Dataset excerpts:
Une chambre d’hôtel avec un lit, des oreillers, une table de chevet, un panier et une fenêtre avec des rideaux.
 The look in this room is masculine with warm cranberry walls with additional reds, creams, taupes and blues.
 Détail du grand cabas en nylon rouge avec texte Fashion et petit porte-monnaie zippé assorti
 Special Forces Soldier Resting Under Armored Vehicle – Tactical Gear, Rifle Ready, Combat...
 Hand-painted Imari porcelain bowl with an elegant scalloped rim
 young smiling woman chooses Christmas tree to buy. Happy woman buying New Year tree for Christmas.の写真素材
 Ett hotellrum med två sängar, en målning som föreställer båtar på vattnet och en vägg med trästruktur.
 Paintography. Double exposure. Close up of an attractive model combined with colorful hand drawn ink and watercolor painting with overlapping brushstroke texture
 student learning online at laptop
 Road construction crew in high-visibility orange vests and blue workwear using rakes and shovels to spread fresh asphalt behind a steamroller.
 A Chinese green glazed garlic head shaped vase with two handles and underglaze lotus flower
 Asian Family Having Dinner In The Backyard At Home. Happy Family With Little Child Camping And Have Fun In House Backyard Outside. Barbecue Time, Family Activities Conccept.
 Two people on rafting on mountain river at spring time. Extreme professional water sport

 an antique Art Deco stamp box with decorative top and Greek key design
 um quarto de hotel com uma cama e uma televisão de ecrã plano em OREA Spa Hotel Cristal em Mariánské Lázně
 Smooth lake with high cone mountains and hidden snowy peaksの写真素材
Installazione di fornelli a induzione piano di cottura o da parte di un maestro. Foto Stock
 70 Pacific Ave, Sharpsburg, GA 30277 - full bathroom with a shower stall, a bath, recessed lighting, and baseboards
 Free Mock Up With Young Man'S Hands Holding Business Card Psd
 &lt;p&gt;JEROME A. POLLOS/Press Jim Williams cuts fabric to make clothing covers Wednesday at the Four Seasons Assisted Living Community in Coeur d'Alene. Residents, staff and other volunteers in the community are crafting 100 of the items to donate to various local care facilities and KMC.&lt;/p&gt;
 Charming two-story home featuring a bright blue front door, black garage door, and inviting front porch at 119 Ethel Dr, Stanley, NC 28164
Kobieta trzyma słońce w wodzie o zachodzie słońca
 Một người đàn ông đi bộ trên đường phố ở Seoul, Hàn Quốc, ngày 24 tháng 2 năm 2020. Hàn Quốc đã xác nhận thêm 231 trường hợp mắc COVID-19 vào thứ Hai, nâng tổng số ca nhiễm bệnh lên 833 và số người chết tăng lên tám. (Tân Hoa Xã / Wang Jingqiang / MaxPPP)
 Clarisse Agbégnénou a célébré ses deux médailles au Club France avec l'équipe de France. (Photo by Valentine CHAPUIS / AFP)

**Task objective**
Among the entries above, the line containing "Installazione di fornelli", the line containing "Free Mock Up", and all lines between them are to be restated word for word; nothing else belongs in the reply.

**Exercise result**
Installazione di fornelli a induzione piano di cottura o da parte di un maestro. Foto Stock
 70 Pacific Ave, Sharpsburg, GA 30277 - full bathroom with a shower stall, a bath, recessed lighting, and baseboards
 Free Mock Up With Young Man'S Hands Holding Business Card Psd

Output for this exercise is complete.